Миметические основания искусства и архитектуры восточных иранцев в саманидское время, о которых говорят много, не должны пониматься буквально. Говорить о подражании искусства при Саманидах некоему изобразительному и архитектурному пласту в прошлом по меньшей мере неразумно. До сих пор не выработано критериев, согласно которым можно сравнивать мир вещей в прошлом, условно говоря, с настоящим. Эти критерии должны носить методический и теоретический модусы. В главе I мы говорили об инновативности, экстенсивности и интенсивности при подходе к искусству и архитектуре при Саманидах. Мы продолжаем разрабатывать эти критерии, которые в первую очередь связаны с фактором видения.
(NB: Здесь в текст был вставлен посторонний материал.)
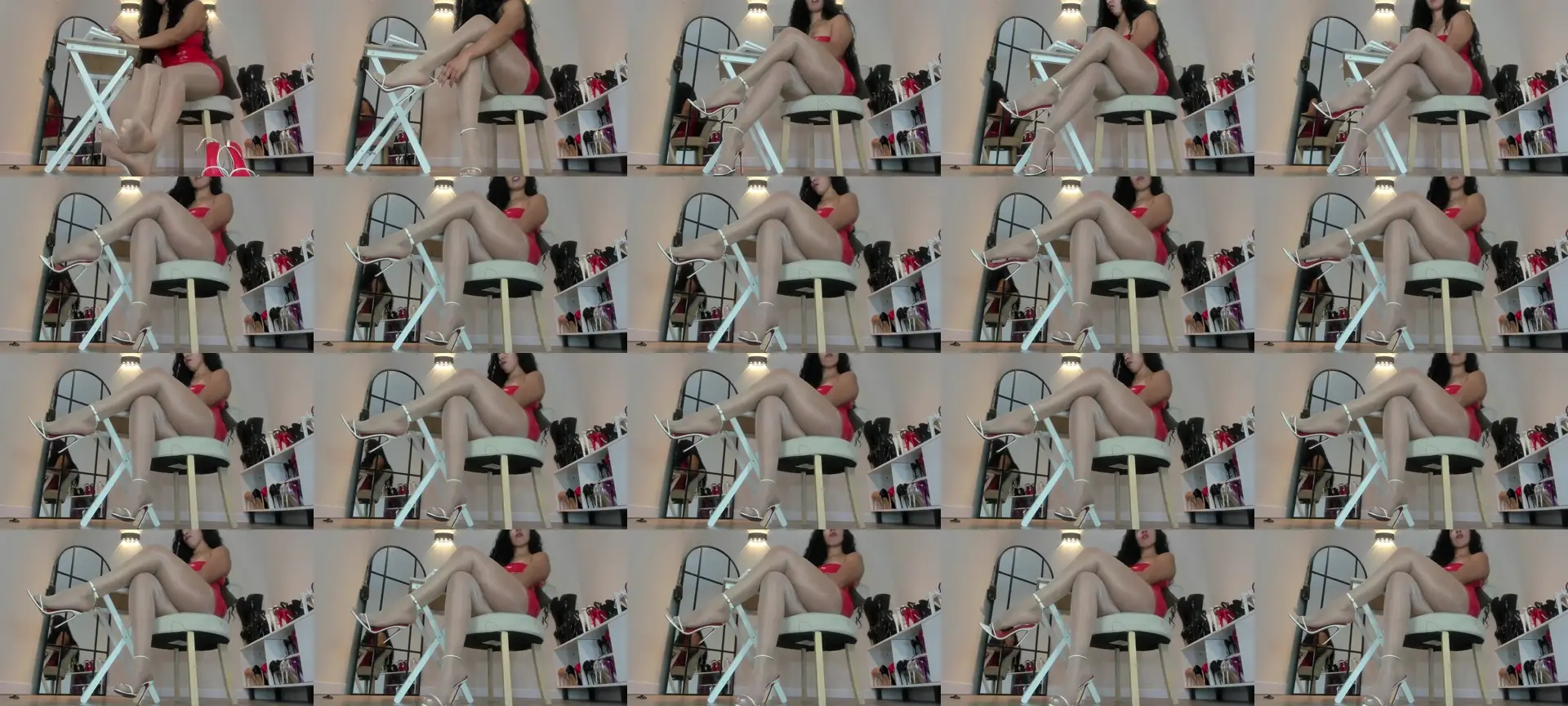 Solsmithx photo contact sheet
Суждения о мимесисе не могут не иметь отношения к соответствующему дискурсу. Именно рыцарский дискурс «ристалища и пира» (bazm-u-razm) связывает домусульманский и исламский периоды в жизни иранцев. Только поэтому столь похожи изобразительные и архитектурные иконографические схемы сасанидского и саманидского периодов, и исследователи неоправданно говорят о влиянии первых на вторых. Между тем, и об этом мы упоминали в главе I, отношение к форме и образу вещи в саманидское время полагалось не на теорию влияния, а на более тонкие рассуждения о характере памяти и воображения, взаимодействие которых приводит к появлению новой «материальной телесности» (Ибн Сина). Об этом, опираясь на рассуждения бухарского философа, мы говорили в связи с явлением «эпической телесности» в изображениях на саманидской керамике.
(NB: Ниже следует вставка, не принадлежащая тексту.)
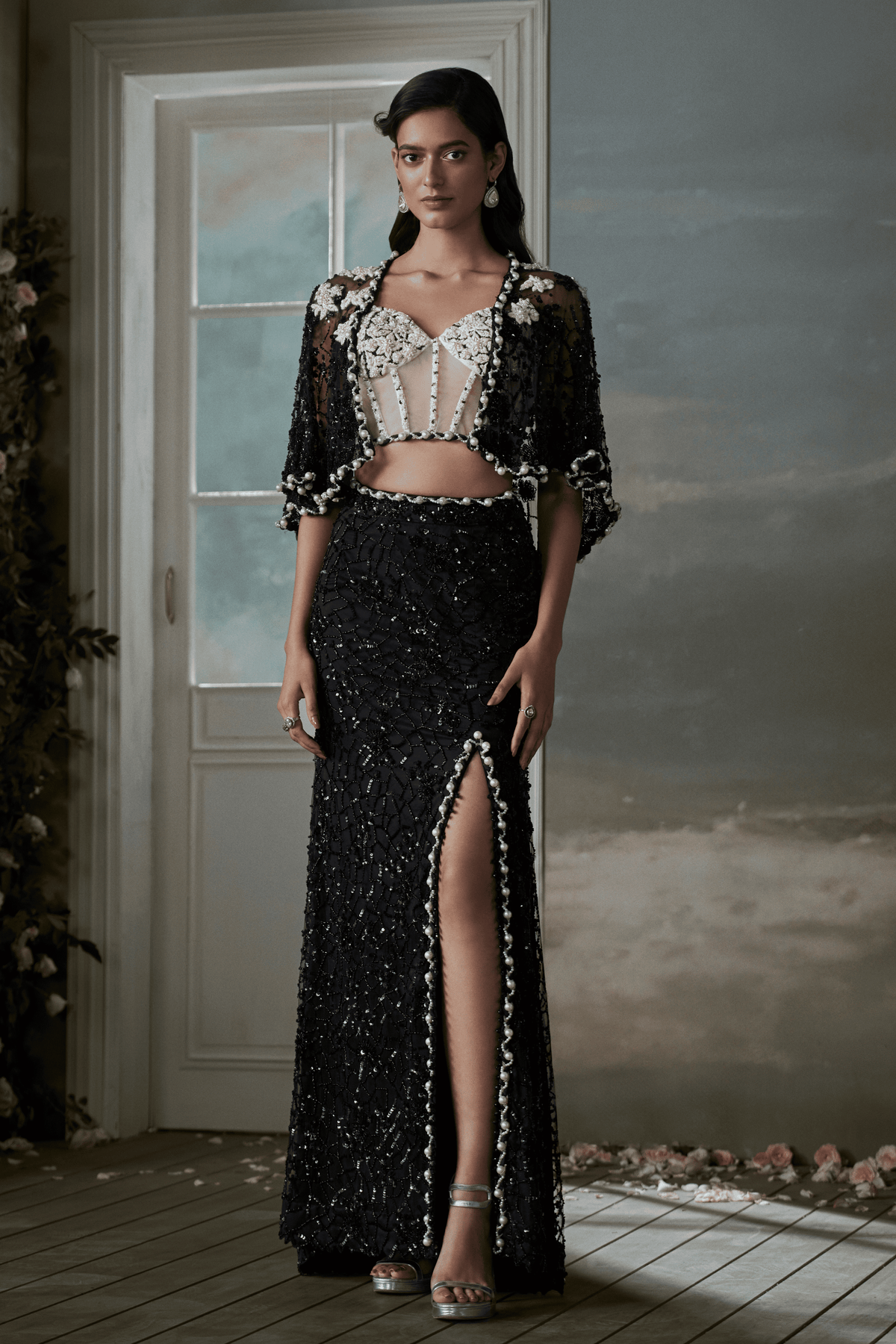 Black Co-ord Set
Значение философского (психология, теория гештальта) взгляда на все эти проблемы невозможно переоценить. Философия в этом случае является не инструментом познания, а доминирующим принципом отношения к визуальной антропологии иранцев, той антропологии, которая, по сути, отлична от теоонтологии мусульман. Это различие касается не только восприятия образа, но и твердого осознания метафизического, имагинативного дискурса, уходящего к «восточной философии» Ибн Сини и Сухраварди и обнимающего прошлое и будущее собственно иранского отношения к отдельным образам. Этот же дискурс имеет прямое отношение к стечению разных потоков образов на протяжении многих столетий. Даже отношение к молитве отличало восточных иранцев и арабов во времена Авиценны, он различал дисциплинарную и духовную молитвы, последняя для него была предпочтительной5. Предпочтительность духовной молитвы, то есть активизация внутренней созерцательности, будь то активная деятельность хакимов или в философской традиции Ибн Сины и его сподвижников, вполне соответствовали интенсивной, а потому и инновативной культуре Саманидов. Подробнее об этом см. в Предисловии, в главах I и III.